*** Begin section ***

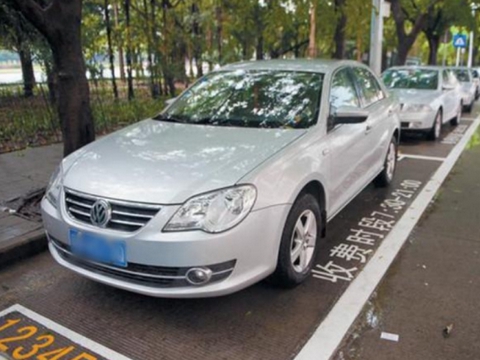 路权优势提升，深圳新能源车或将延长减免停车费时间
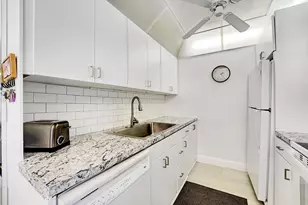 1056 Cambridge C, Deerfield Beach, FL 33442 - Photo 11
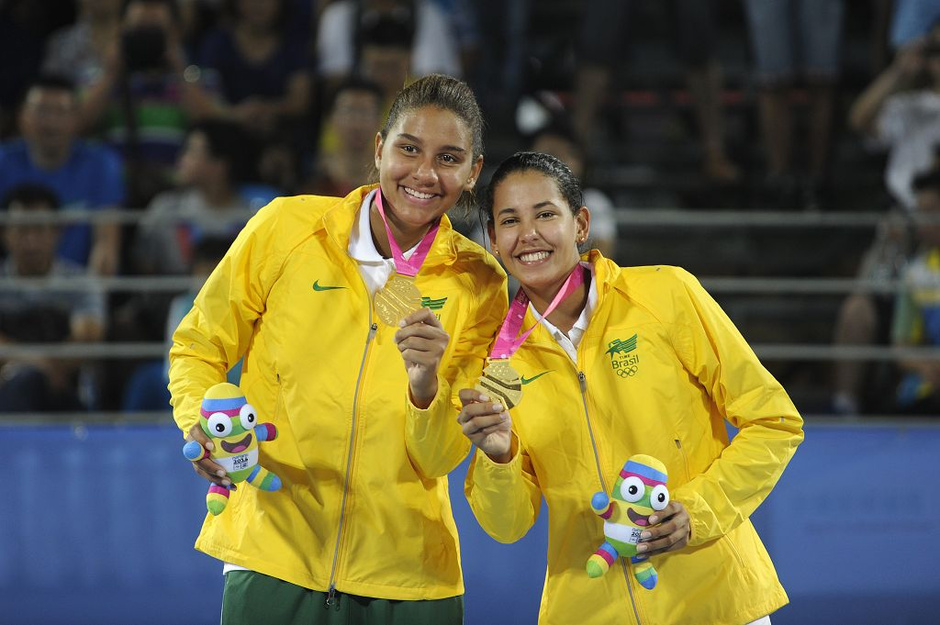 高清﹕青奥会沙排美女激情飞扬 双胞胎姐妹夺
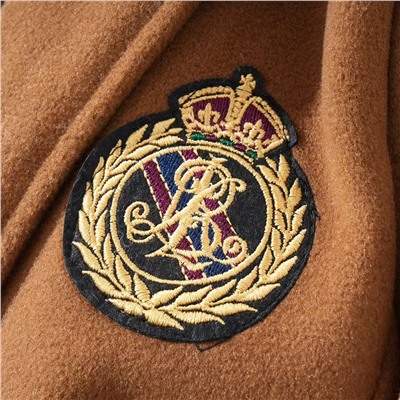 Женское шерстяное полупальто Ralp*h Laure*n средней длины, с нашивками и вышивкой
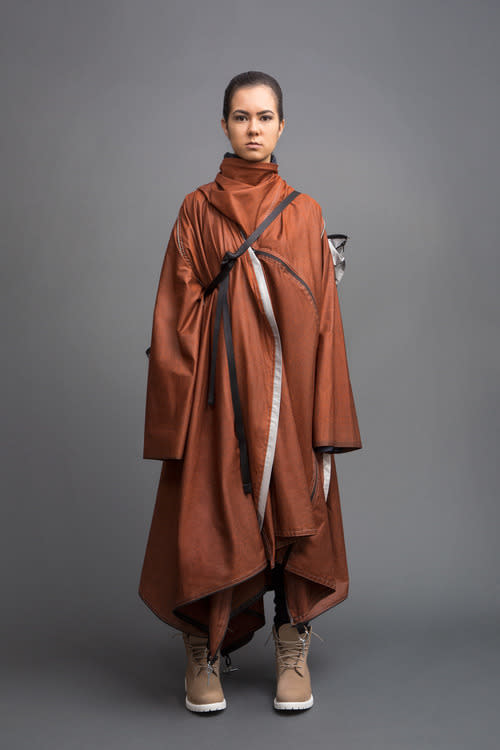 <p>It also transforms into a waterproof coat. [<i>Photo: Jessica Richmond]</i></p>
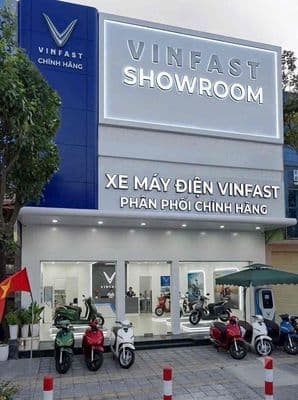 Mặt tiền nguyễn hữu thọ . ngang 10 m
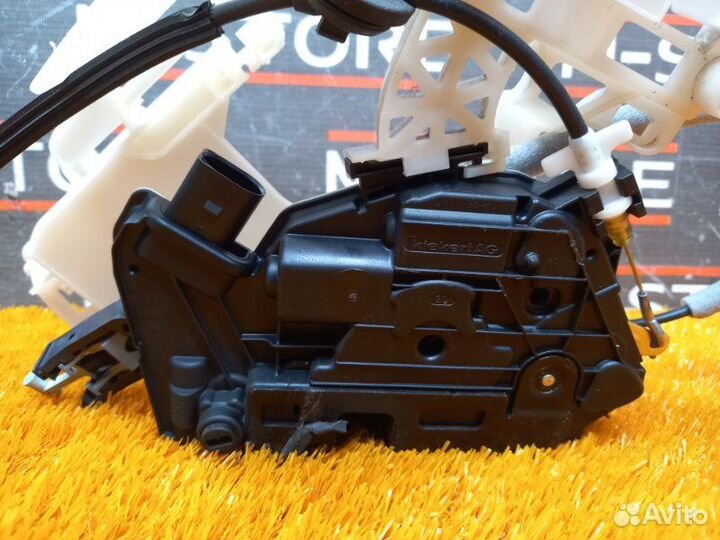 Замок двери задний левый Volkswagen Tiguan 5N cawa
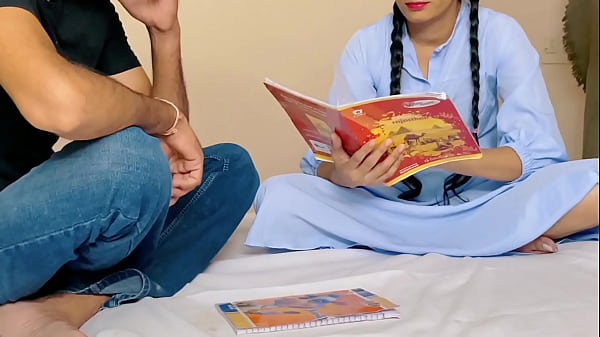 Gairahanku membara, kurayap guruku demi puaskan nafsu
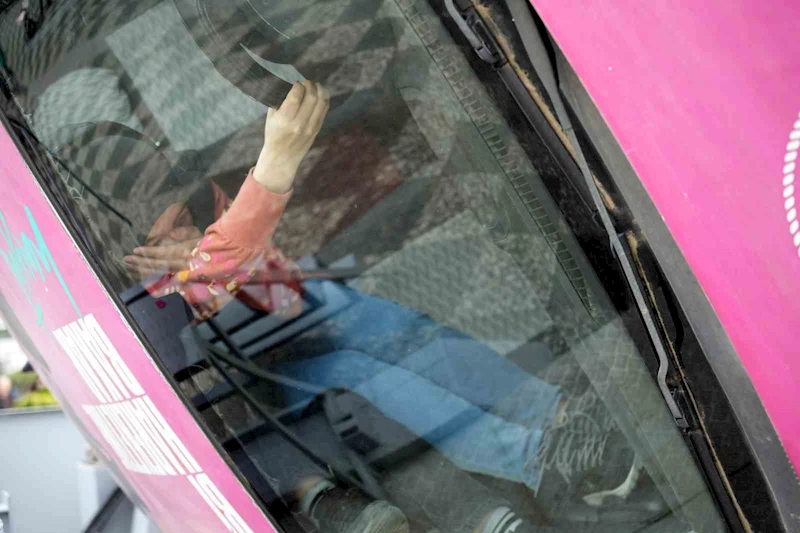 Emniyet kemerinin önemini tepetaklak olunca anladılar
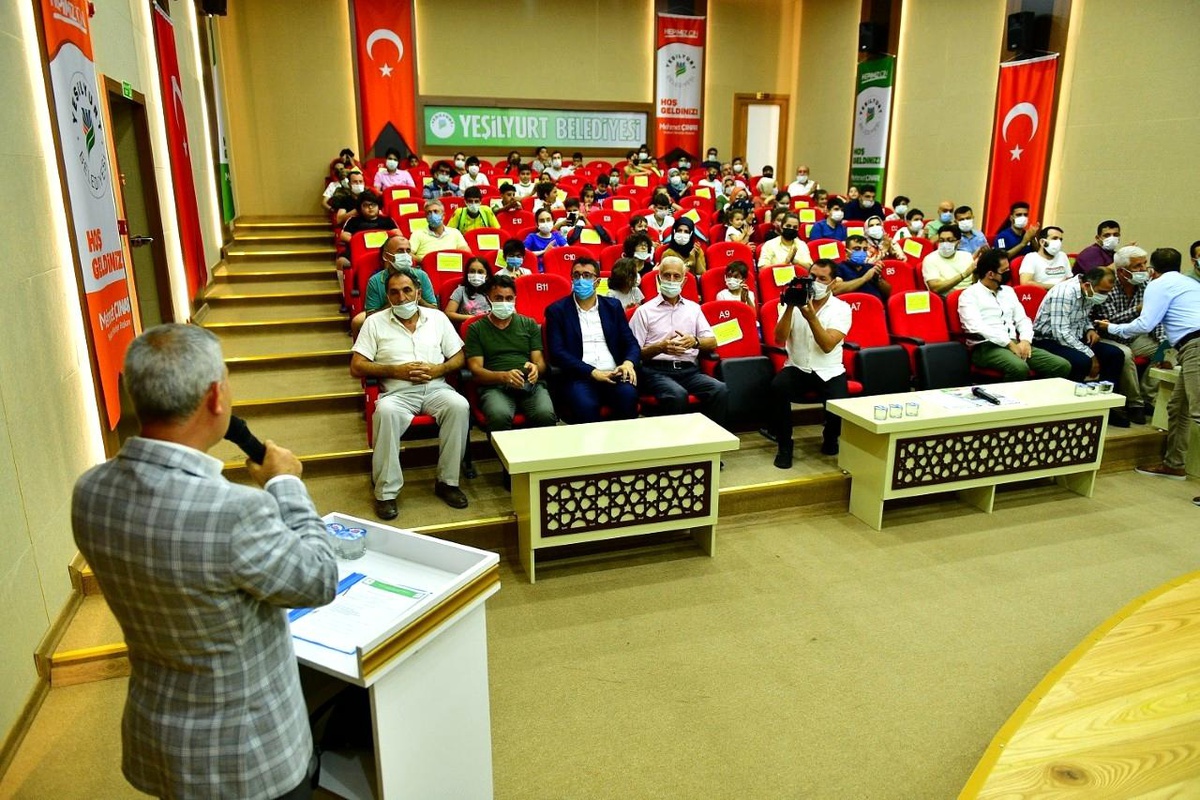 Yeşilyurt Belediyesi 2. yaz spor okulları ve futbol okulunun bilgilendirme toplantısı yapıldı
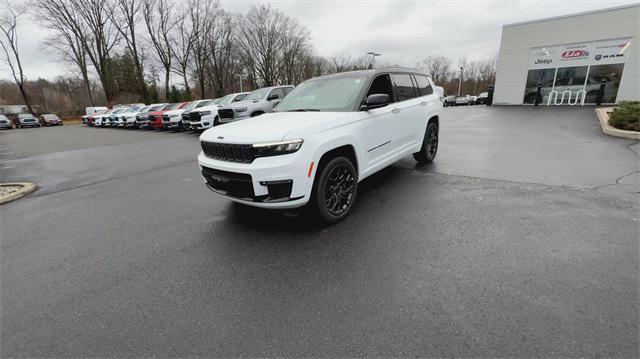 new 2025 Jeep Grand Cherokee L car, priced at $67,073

*** End section ***

### Exercise prompt:
From the first line to the last, repeat the material exactly, but drop the pictures.

### Solution to this problem:
 路权优势提升，深圳新能源车或将延长减免停车费时间
 1056 Cambridge C, Deerfield Beach, FL 33442 - Photo 11
 高清﹕青奥会沙排美女激情飞扬 双胞胎姐妹夺
 Женское шерстяное полупальто Ralp*h Laure*n средней длины, с нашивками и вышивкой
 <p>It also transforms into a waterproof coat. [<i>Photo: Jessica Richmond]</i></p>
 Mặt tiền nguyễn hữu thọ . ngang 10 m
 Замок двери задний левый Volkswagen Tiguan 5N cawa
 Gairahanku membara, kurayap guruku demi puaskan nafsu
 Emniyet kemerinin önemini tepetaklak olunca anladılar
 Yeşilyurt Belediyesi 2. yaz spor okulları ve futbol okulunun bilgilendirme toplantısı yapıldı
 new 2025 Jeep Grand Cherokee L car, priced at $67,073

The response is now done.